Il sindacato degli edicolanti scrive a John Elkan: “incomprensibile non fare più investimenti sul prodotto cartaceo”

“Egregio Presidente”, inizia cortese la lettera aperta che il 20 novembre Amilcare Digiuni, segretario nazionale del Sinagi, Sindacato Edicolanti Italiani, affiliato alla Cgil, ha indirizzato a John Elkann, editore del Gruppo Gedi. Dopo poche parole , però, salta fuori lo stile polemico che contraddistingue la dialettica del Sinagi.

Edicola chiusa (Foto Primaonline.it)

A Digiuni non è piaciuto il racconto di Elkann fatto agli studenti del master di giornalismo dell’Università di Torino, incentrato sulle nuove strategie per informazione puntando innanzitutto sul digitale. Un intervento poi ripreso dalle agenzie e anche dai quotidiani del gruppo Gedi.

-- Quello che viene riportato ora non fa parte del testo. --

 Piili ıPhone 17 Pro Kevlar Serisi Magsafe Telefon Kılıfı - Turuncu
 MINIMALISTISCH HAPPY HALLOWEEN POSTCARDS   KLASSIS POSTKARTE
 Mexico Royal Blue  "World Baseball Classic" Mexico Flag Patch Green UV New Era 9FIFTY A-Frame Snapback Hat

Digiuni stigmatizza “che è interessante vedere che lo stesso articolo (titolo e testo – con una leggera differenza solo negli “strilli”), firmato dallo stesso giornalista sia stato pubblicato su due quotidiani diversi. Sulla ‘Stampa’e sul ‘Secolo XIX’ di sabato 14 novembre 2020”, non sapendo che da anni tra le due testate funziona uno scambio sinergico di articoli, pagine e servizi, formalizzato da accordi sindacali che nel 2018 si sono allargati a tutti i quotidiani locali ex Finegil, ora editi da Gedi News Network.

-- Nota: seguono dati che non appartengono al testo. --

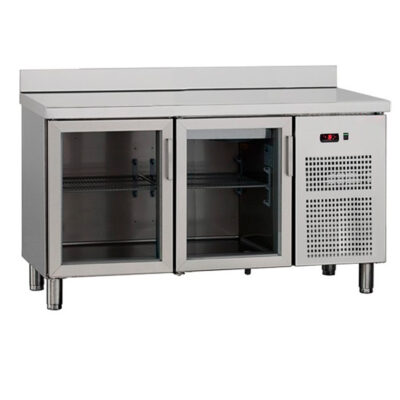 https://donbar.es/wp-content/uploads/2026/03/Mesa-Refrigerada-Acero-Inoxidable-2-Puertas-de-Cristal-200-Litros-1460x600x860h-mm-CSB-600-C-PC-CISABA.jpg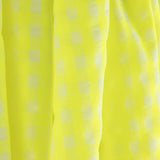 Popeline Seersucker à carreaux jaune fluo - Ribes y Casals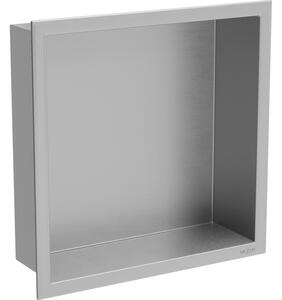 Mexen X-Wall-R etajeră de perete cu flanșă 30 x 30 cm, inox - 1910303010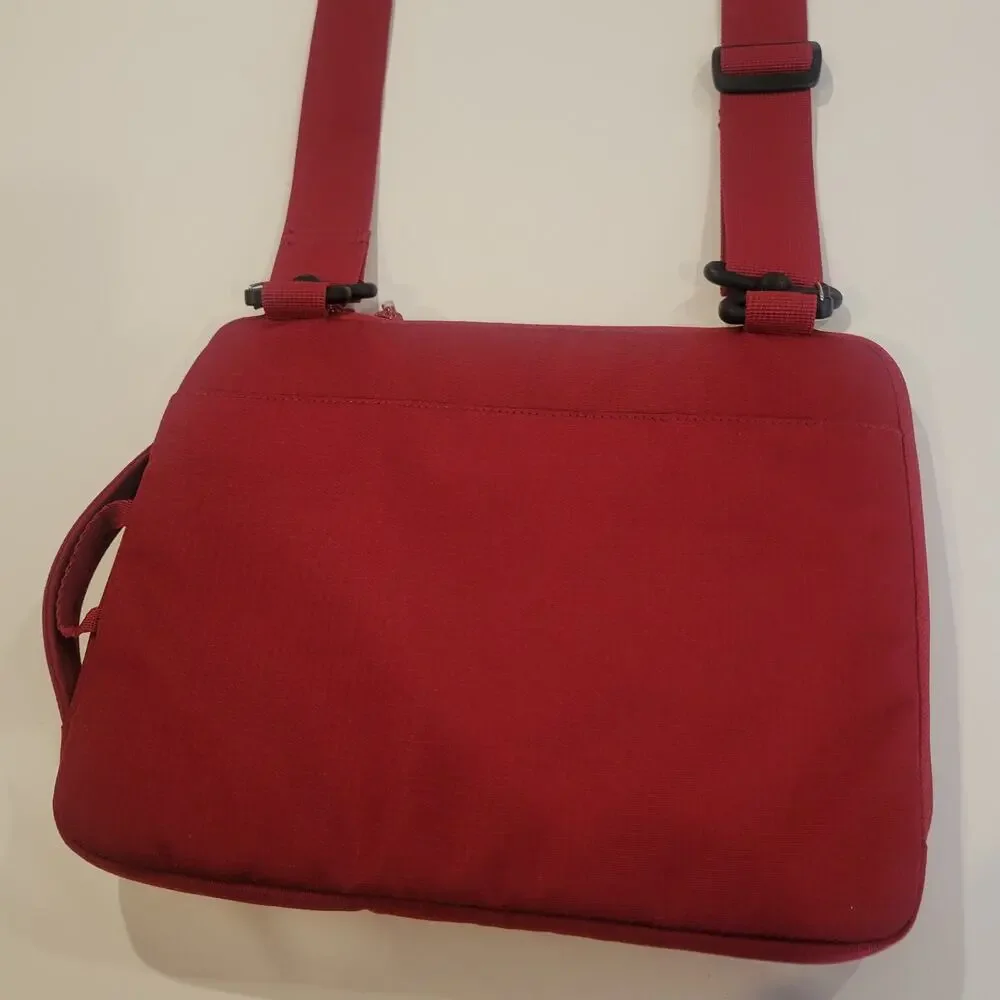 STM Protective Tablet Shoulder Bag Red Padded Crossbody Case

Ma a parte la critica alla concentrazione editoriale, fatta per mostrare i muscoli, sono altri i temi che stanno a cuore al segretario nazionale degli edicolanti che trova “incomprensibile non fare più investimenti sul prodotto cartaceo che, tutto sommato, porta ancora un po’ di reddito dilapidando risorse sul digitale senza ottenere un minimo risultato degno di nota”.

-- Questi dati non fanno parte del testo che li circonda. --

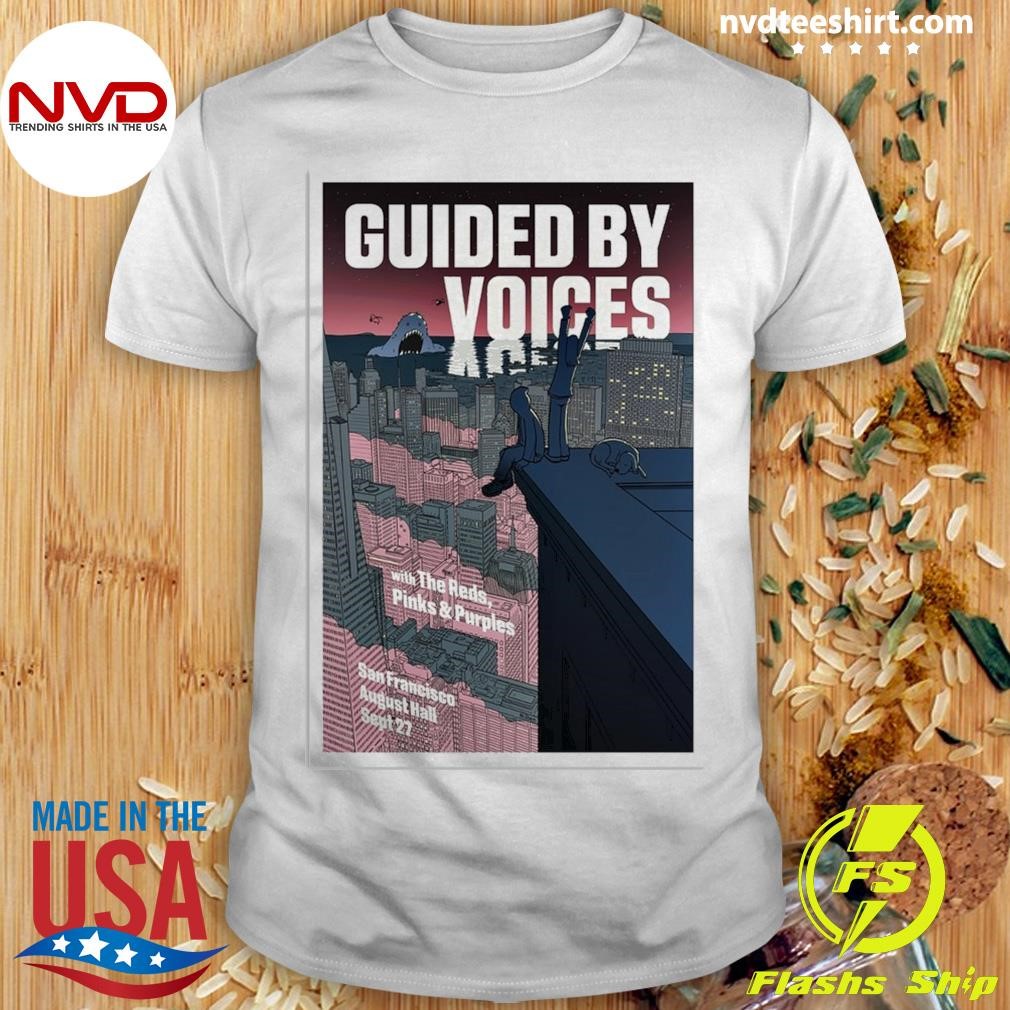 Guided By Voices August Hall San Francisco, CA September 27 2024 Tour Shirt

Digiuni non nasconde di essere preoccupato che Elkann e gli altri editori pensino “a nuove forme di contatto con i lettori buttando a mare una rete capillare come quella delle edicole, etichettandola come obsoleta in quanto un modello del diciannovesimo secolo”, dimostrando di essere “ miopi “ e di non conoscere “il proprio mercato”. Mentre gli edicolanti in rapporto “diretto e quotidiano con i lettori ne conoscono interessi, curiosità e sogni” e chi meglio di loro “che reputano i lettori come propri clienti, se ben utilizzati, incentivati e stimolati possono sviluppare quel diverso e nuovo contatto con i lettori? Invece no. Dopo le cantonate prese correndo dietro ai modelli Facebook, Twitter ecc. ora si corre dietro ai modelli Netflix, Amazon e Spotify, esaltando addirittura i fenomeni TikTok e Youtube”. Insomma Digiuni ne ha per tutti e arriva finalmente al nocciolo della sua rivendicazione “il rinnovo dell’Accordo Nazionale tra editori ed edicolanti per la vendita di giornali scaduto da oltre un decennio” sottolineando che “la mia Organizzazione Sindacale ha da tempo presentato una piattaforma rivendicativa che, ambiziosamente, riteniamo essere più un progetto di filiera per editori, distributori e rete di vendita, e che nessuno vuole prendere in considerazione perché impegnati a difendere il proprio orticello”.
La lettera non ha ricevuto risposta. Sarà la Fieg a prendere il considerazione il “progetto di filiera per editori, distributori e rete di vendita” che Sinagi “ambiziosamente” ha messo in campo.